All Nigeria Confederation of Principals of Secondary Schools (ANCOPSS) has urged President Bola Tinubu to save the National Senior Secondary Education Commission (NSSEC) from being scrapped as recommended by Oronsaye Report.
The national president of the union, Muhammad Musa who made this call yesterday in Abuja, said without the commission, standards and quality would deteriorate in senior secondary schools across the country.
Musa said it is at the secondary education level that learners are provided with skills to be useful to self, and the society.
He said scrapping the commission will destroy the secondary education sector and frustrate the good structure already put in place.
Tinubu had a month ago, ordered the full implementation of the Oronsaye report, as a result, the government announced the merging, subsuming and scrapping of several agencies.
In 2011, former President Goodluck Jonathan set up the Presidential Committee on Restructuring and Rationalisation of Federal Government Parastatals, Commissions and Agencies, with Mr. Steve Oronsaye as the chairman.
The report listed NSSEC among agencies to be scrapped and functions transferred to the department of Basic and Secondary Education in the Federal Ministry of Education.

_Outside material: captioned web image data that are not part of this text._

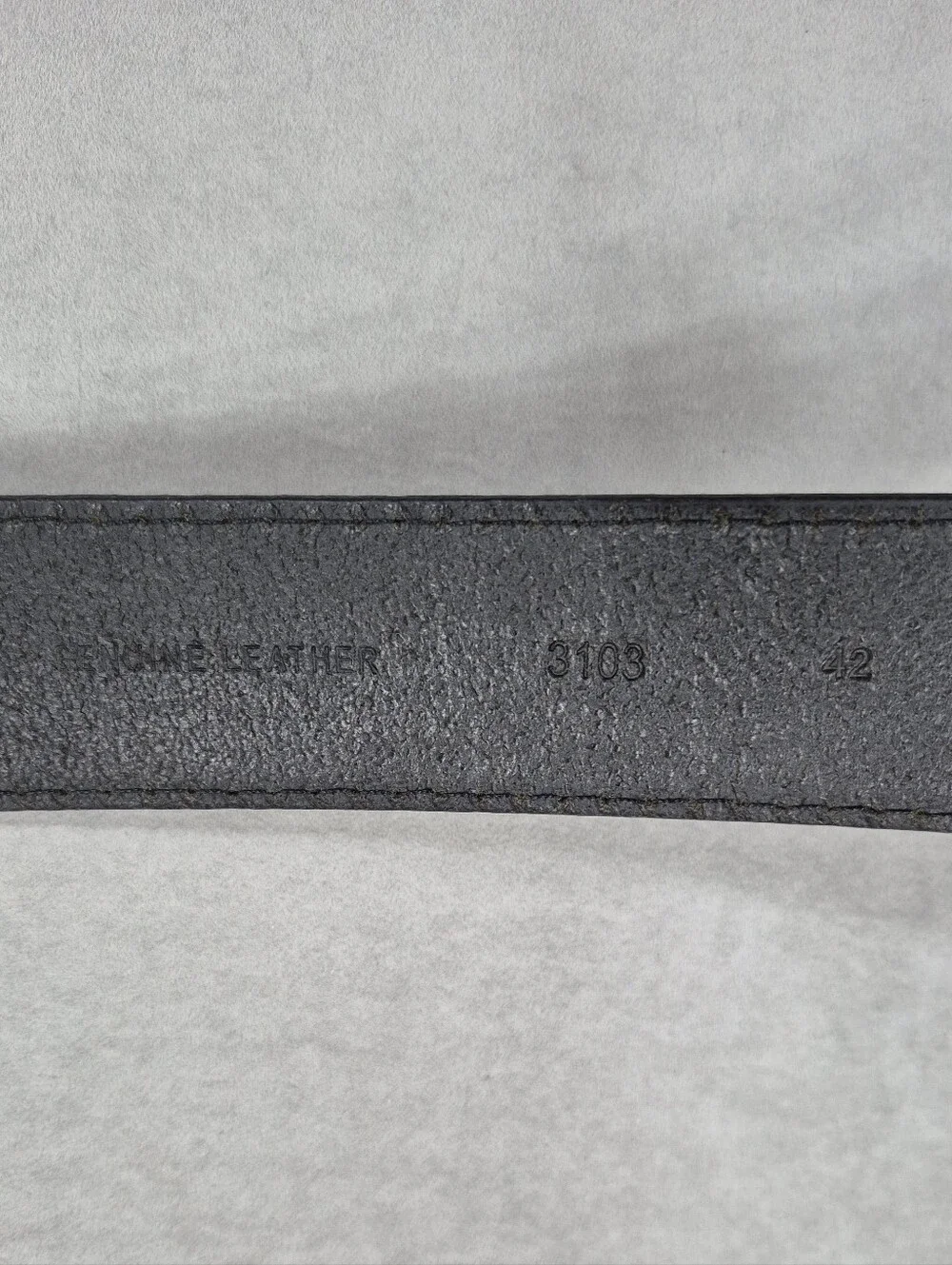 Genuine Leather belt men's 42 black antiqued brushed silvertone buckle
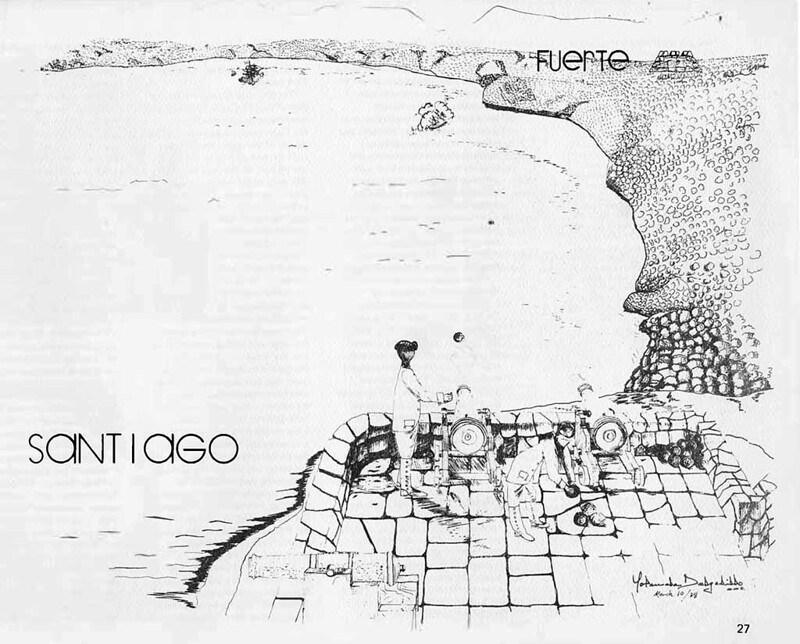 Illustrations of Fort Santiago from the Micronesian Area Research Center (MARC) 1979 publication, Spanish Forts of Guam, by Yolanda Degadillo, MMB; Thomas B. McGrath, SJ; and Felicia Plaza, MMB.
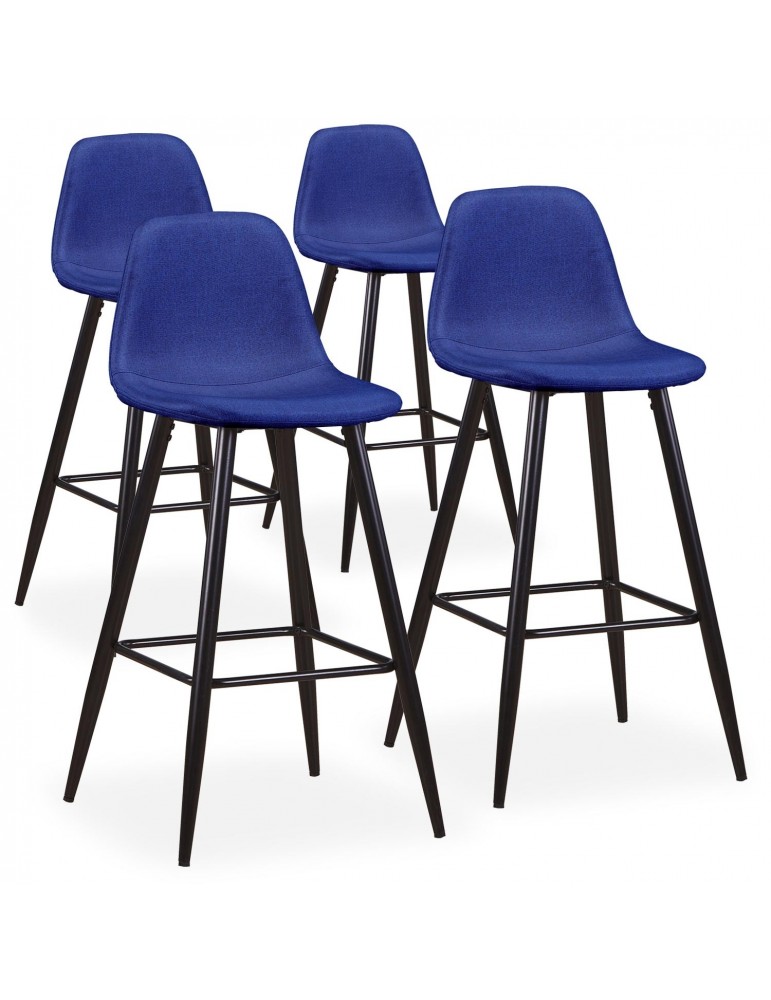 Lot de 4 chaises de bar Jody Tissu Bleu bc5270blue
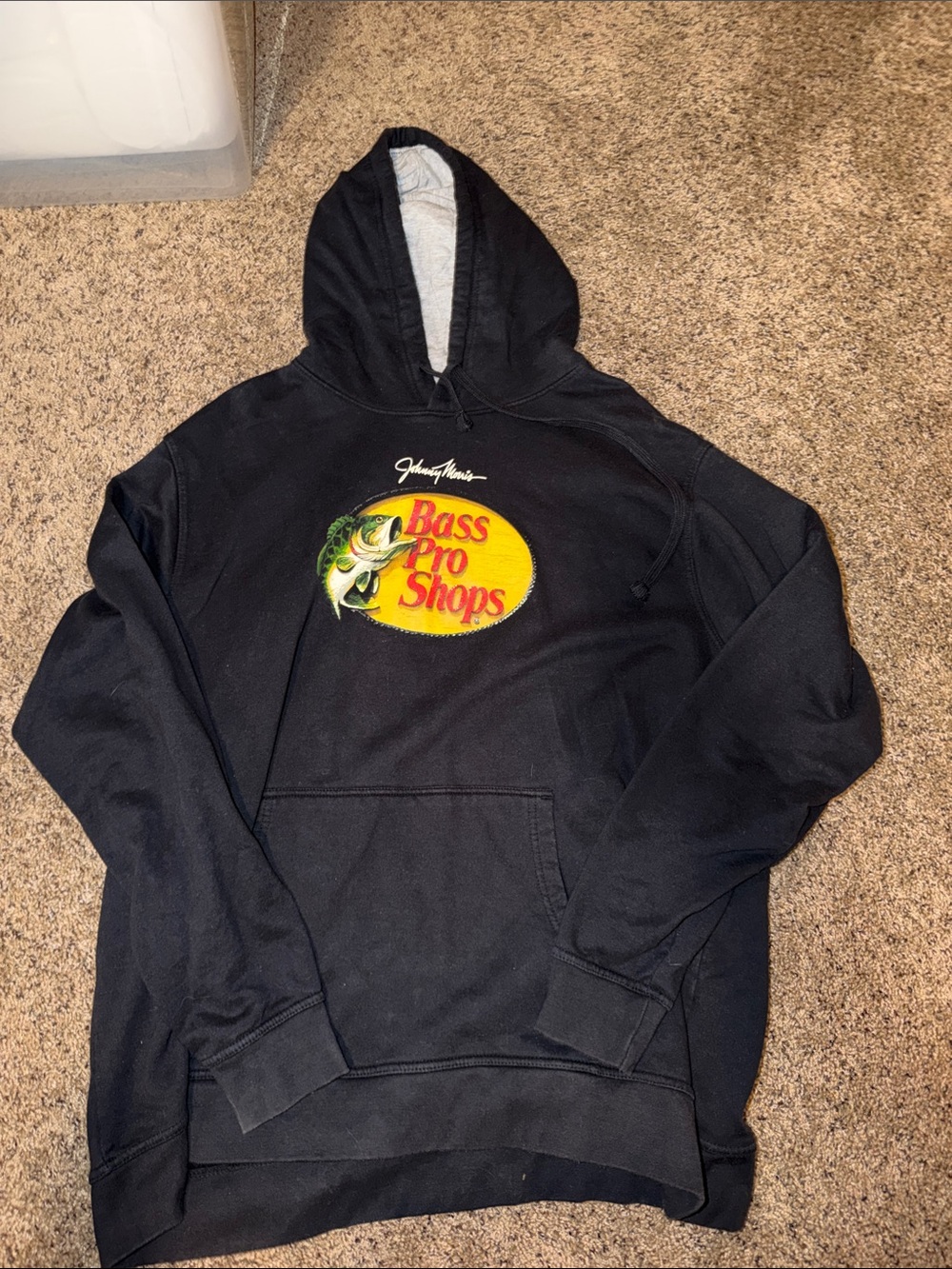 Bass Pro Shops Black Pullover Hoodie with Yellow Logo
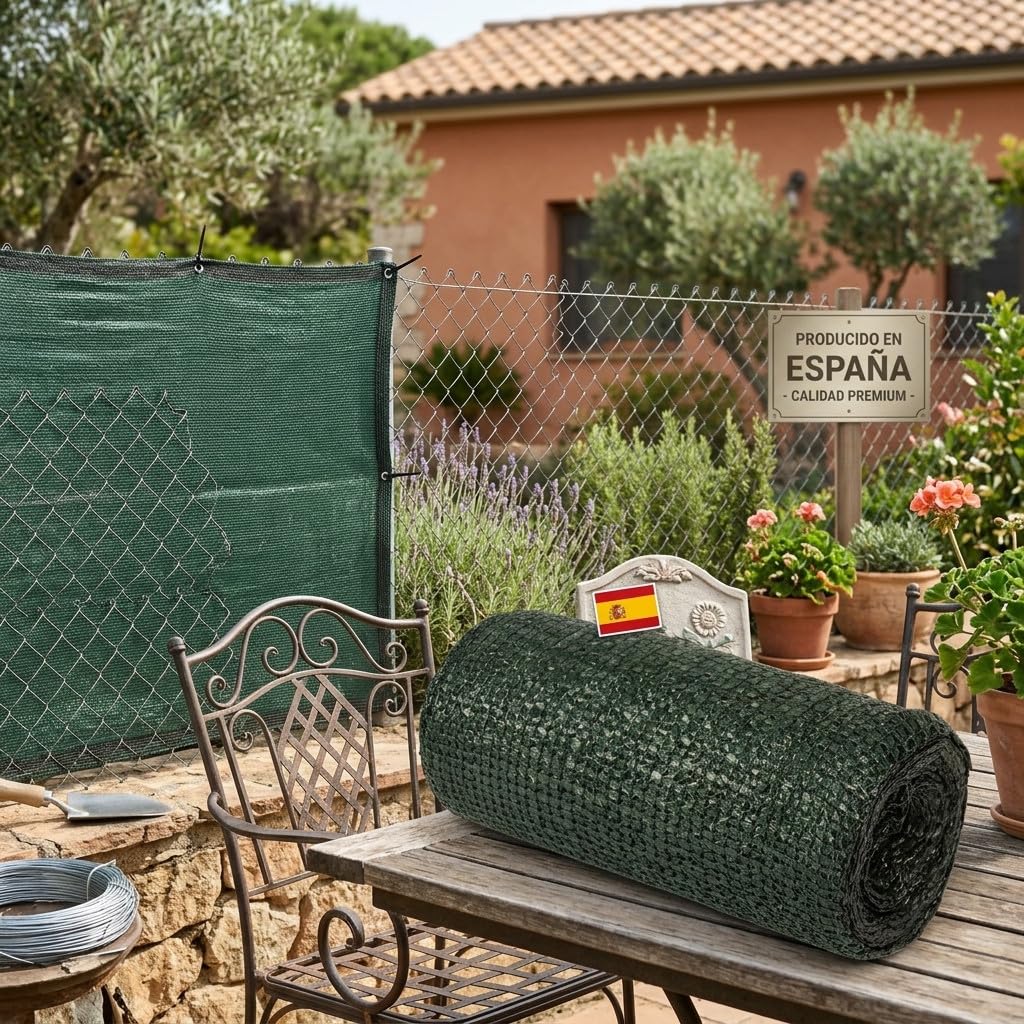 Suinga Malla de Sombreo Ocultacion 1 x 50 Metros Verde Oscuro | Ocultacion 100% para Terrazas, Jardines y Parcelas | Privacidad Total y Proteccion Solar Exterior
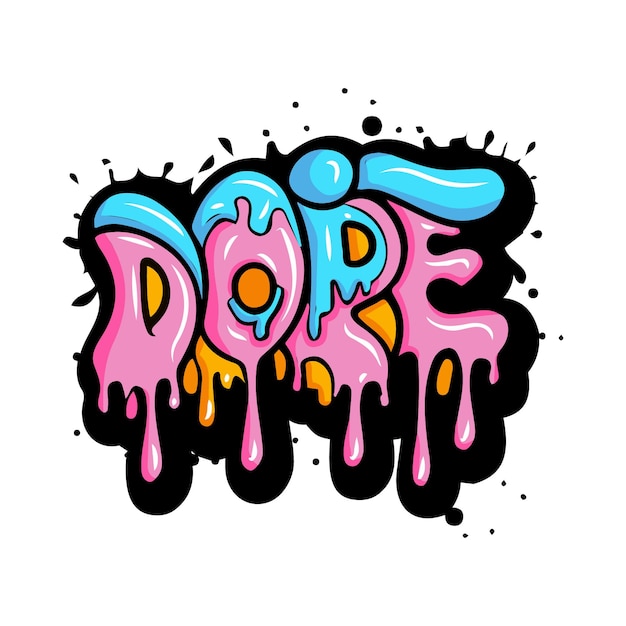 Dope graffiti letras tipografia arte ilustração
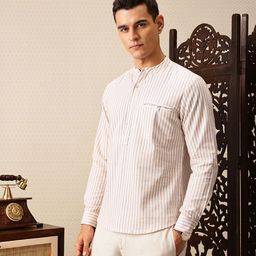 House of Pataudi Striped Band Collar Rozana Kurta-image-31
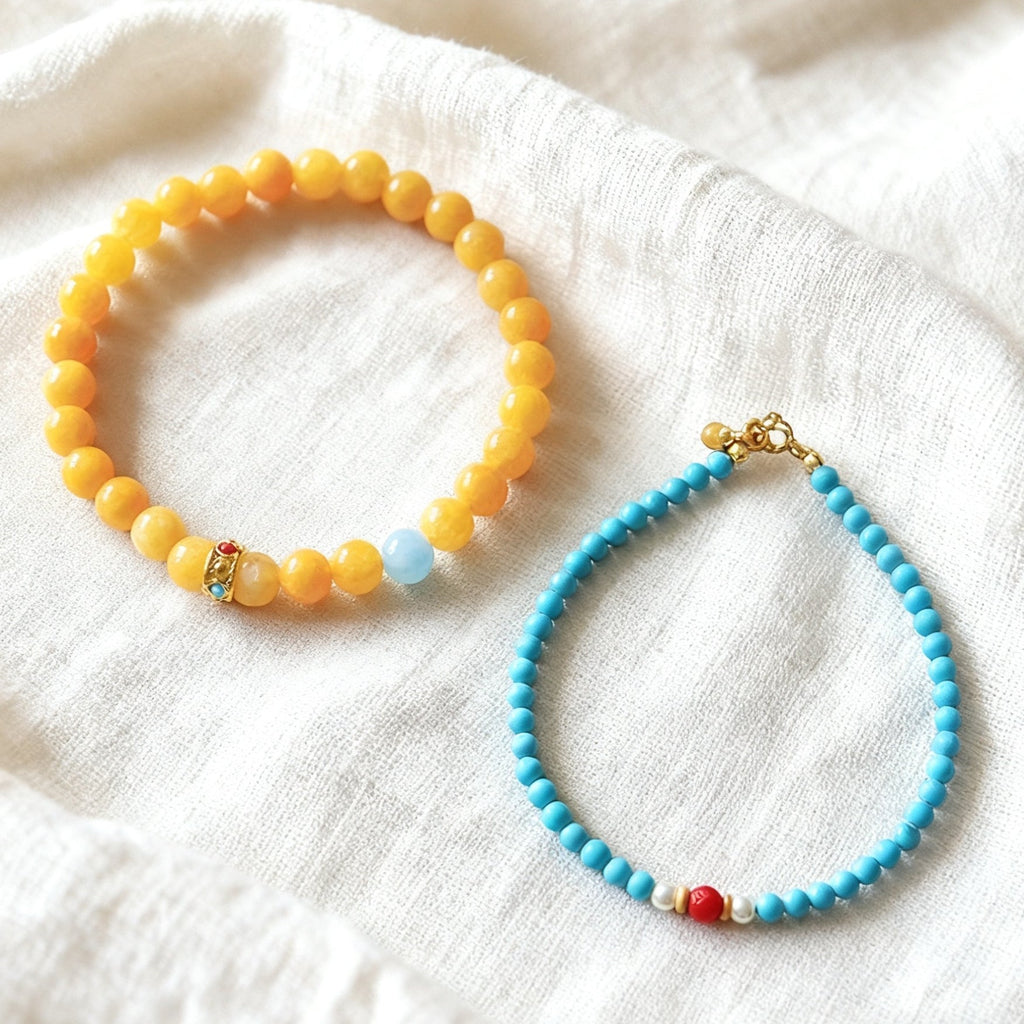 「開運・金運」ターコイズ＆天然シトリンブレスレット - 成功と富を呼ぶ守護のバランス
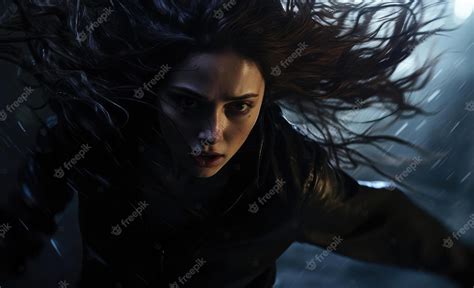 Premium AI Image | Frightened girl on dark background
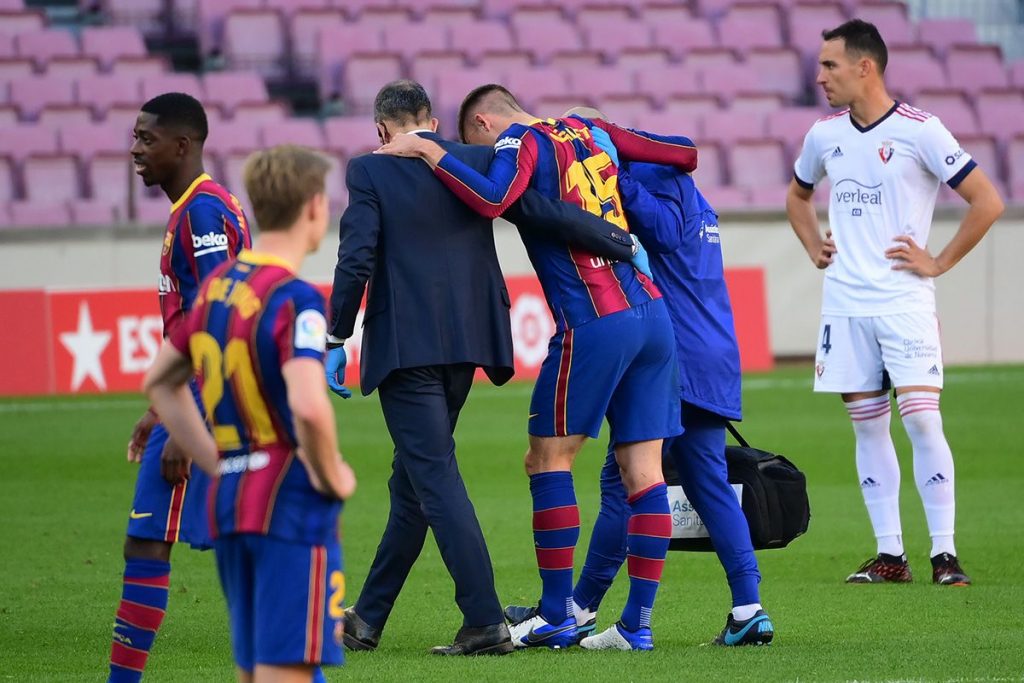 Clement Lenglet Salio Lesionado Del Fc Barcelona Osasuna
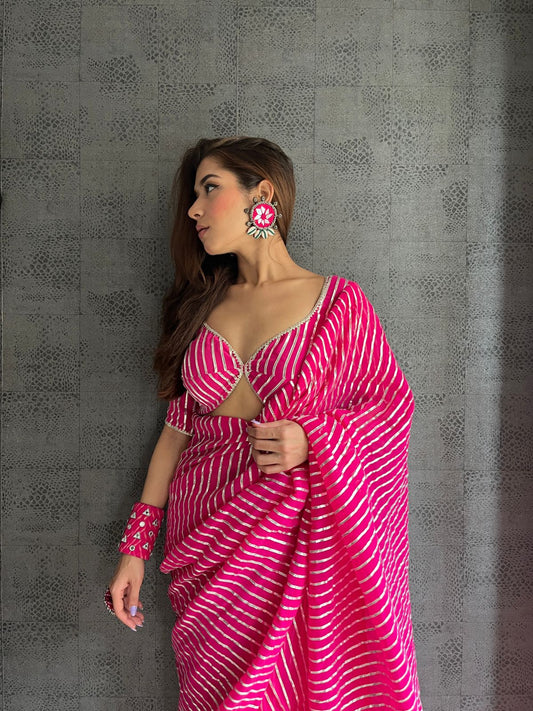 Arum Hot Pink Georgette Saree - Ensembles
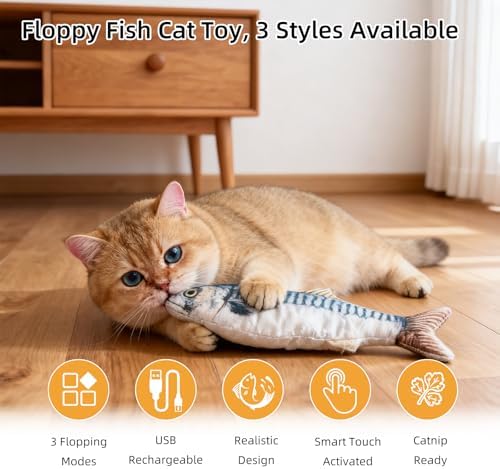 Flopping Fish Cat Toy, Interactive Moving Plush Cat Kicker Toy with Catnip Pocket, USB Rechargeable Automatic Wiggle Mackerel Toy for Indoor Kitten & Small Dogs, Single Mackerel（11.02Inch）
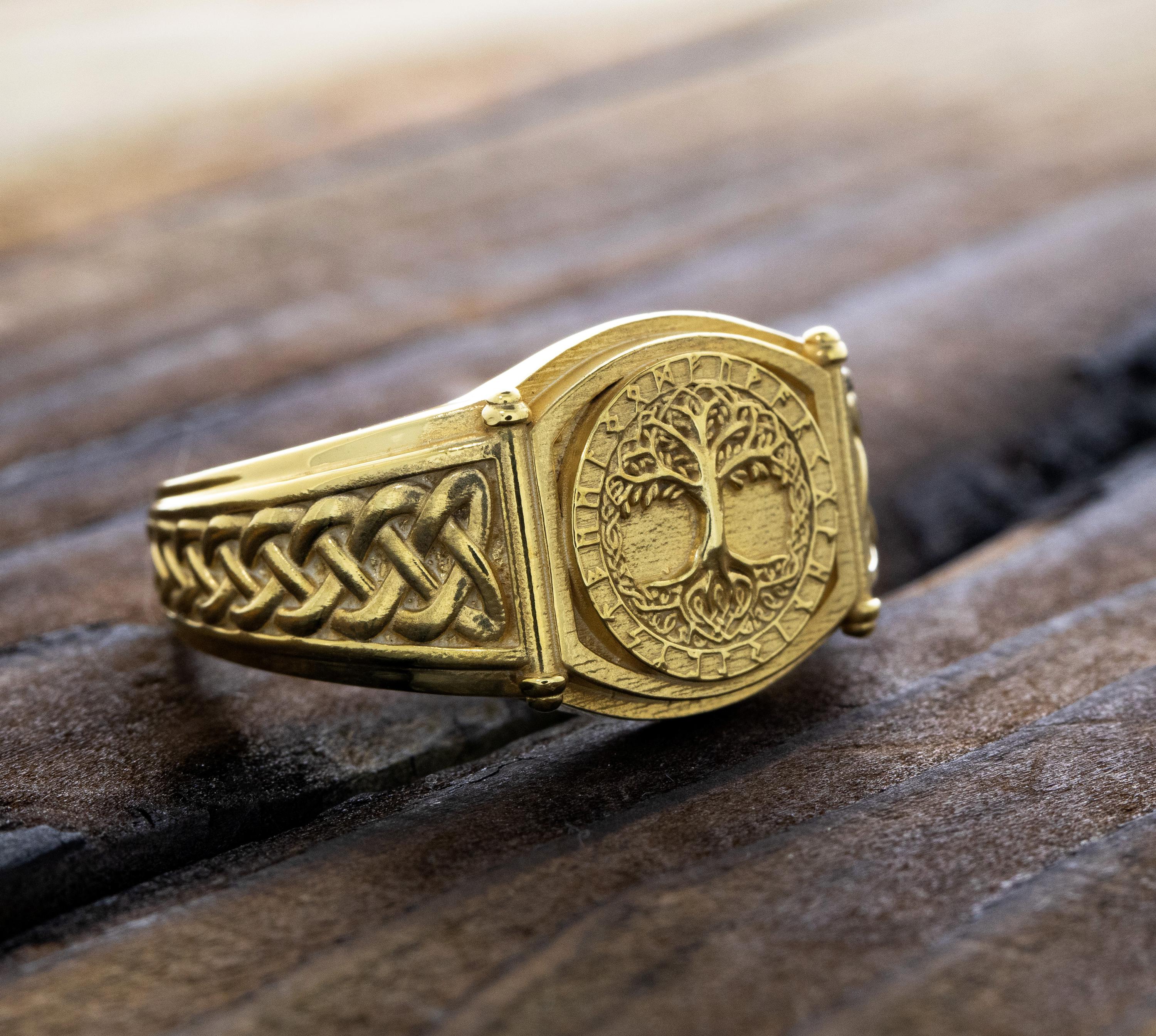 Viking Gold Rings Tree of Life Gold Signet Ring, Yggdrasil Signet Ring, Norse Viking Gold ...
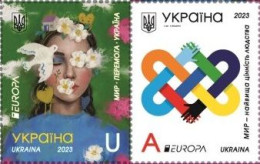 Ukraine 2023 Europa CEPT Peace Set Of 2 Stamps Mint - 2023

The president and principal Government Unity College, Nguru in Yobe State, said if the Oronsaye report‘s axe is allowed to fall on the commission, it will bring an end to the current sustained collaborative efforts between NSSEC and the states to reposition the schools.
“It is at the senior secondary education level that learners are provided with skills to be useful to self and the society.
“The scrapping, if done, will leave senior secondary education and Technical Vocational Education and Training, as the only subsector without an intervention agency.
Scrapping NSSEC would mean that senior secondary schools would be the only educational sub-sector without a body to provide funds for its development nationwide,“ he said.